Logical. Passed to `readNULISAseq()` function. If `TRUE` (default), will replace any missing counts with zero for generating NPQ. (For AQ data, see replace_zeros_with_NA, below.)

TAP

If `TRUE` (default), uses TAP detectability criteria in sample QC which includes more matrix types than non-TAP criteria. However, this function currently only flags samples based on IC median deviation.

output_TAP_AQ

Logical. Default is `FALSE`. If xml files include AQ parameters and this is set to TRUE, the function will output the Excel file format used for TAP projects. File will have 5 tabs including RQ data, AQ data, detectability, quantifiability, and sample information.

replace_cal_blank_zeros

Logical. Default is `FALSE`. If `TRUE`, AQ targets with a zero mean NC value will have the a_yint parameter replaced with the AQMC value, rather than be set to zero.

replace_zeros_with_NA

Logical. Default is `TRUE`. When `TRUE`, will replace and zero AQ data values with NA.

metadata

An optional named list of metadata, such as software package version numbers, that will be added as the last sheet in the Excel file. The list names will be the first column, and the values will form the second column. If `NULL` (default) then no metadata sheet is added.

verbose

Logical. Should function output step completion info. Default is `TRUE`.

Value

Outputs an Excel file.

Details

#' For RQ data, Excel file tabs include RQ data, target detectability and sample information. For AQ data, tabs include RQ data, AQ data, target detectability, target quantifiability, and sample information.

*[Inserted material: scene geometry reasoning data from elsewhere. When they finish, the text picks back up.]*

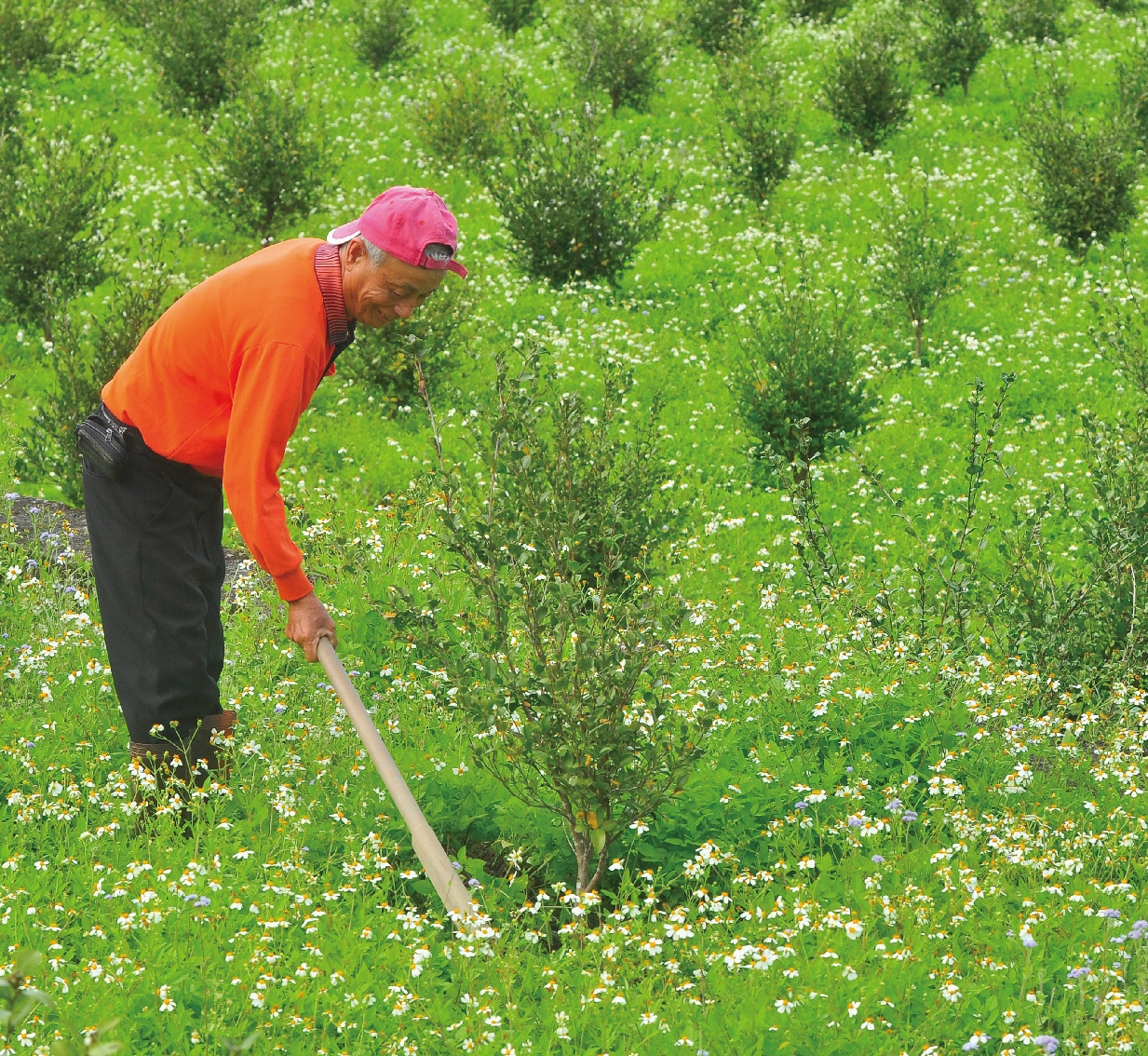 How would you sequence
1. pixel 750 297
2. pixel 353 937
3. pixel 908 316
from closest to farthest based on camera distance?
pixel 353 937, pixel 908 316, pixel 750 297

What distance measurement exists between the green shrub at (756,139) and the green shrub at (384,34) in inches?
222

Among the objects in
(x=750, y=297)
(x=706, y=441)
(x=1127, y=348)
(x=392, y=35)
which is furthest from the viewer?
(x=392, y=35)

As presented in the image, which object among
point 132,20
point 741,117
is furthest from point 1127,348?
point 132,20

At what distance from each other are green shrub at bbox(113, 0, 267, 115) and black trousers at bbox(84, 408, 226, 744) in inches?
456

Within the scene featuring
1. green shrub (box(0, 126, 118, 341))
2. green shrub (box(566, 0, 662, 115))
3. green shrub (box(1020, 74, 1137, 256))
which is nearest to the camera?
green shrub (box(0, 126, 118, 341))

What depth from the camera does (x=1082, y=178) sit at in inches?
437

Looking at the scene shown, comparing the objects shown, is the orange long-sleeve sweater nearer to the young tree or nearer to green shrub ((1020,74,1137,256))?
the young tree

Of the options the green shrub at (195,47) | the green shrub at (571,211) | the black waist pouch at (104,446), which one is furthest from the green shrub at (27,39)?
the black waist pouch at (104,446)

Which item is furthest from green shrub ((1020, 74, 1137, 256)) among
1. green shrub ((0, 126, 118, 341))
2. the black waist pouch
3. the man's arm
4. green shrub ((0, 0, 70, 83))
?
green shrub ((0, 0, 70, 83))

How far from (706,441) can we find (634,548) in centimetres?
290

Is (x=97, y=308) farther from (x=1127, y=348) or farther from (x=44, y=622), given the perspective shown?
(x=1127, y=348)

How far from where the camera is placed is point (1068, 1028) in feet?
8.84

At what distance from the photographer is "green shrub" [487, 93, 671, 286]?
1066 centimetres

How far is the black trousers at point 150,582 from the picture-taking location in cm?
360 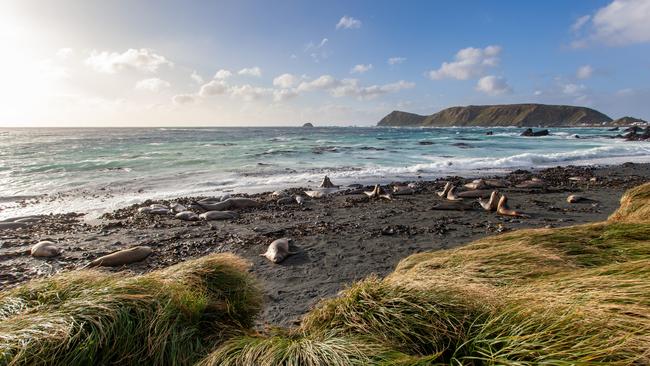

The function takes as input an optional target info file containing target metadata, including Alamar target IDs and protein names, and an optional sample info file containing sample metadata that is desired to appear in the output file.

Sample QC is currently based on the internal control within 40 median criterion. If a sample's IC count falls outside this threshold, it will be assigned a "WARN" status. Otherwise the sample will be assigned a "PASS" status.

Target QC (if AQ data is available) is currently based on the target concentration accuracy within 30 it will be assigned a "WARN" status. Otherwise the target will be assigned a "PASS" status.

The function outputs long format data where each row corresponds to a particular sample-target combination. Total number of rows is number of samples times number of targets. By default the sample control (SC/AQSC) wells are included in the output, and IPC and NC wells are omitted.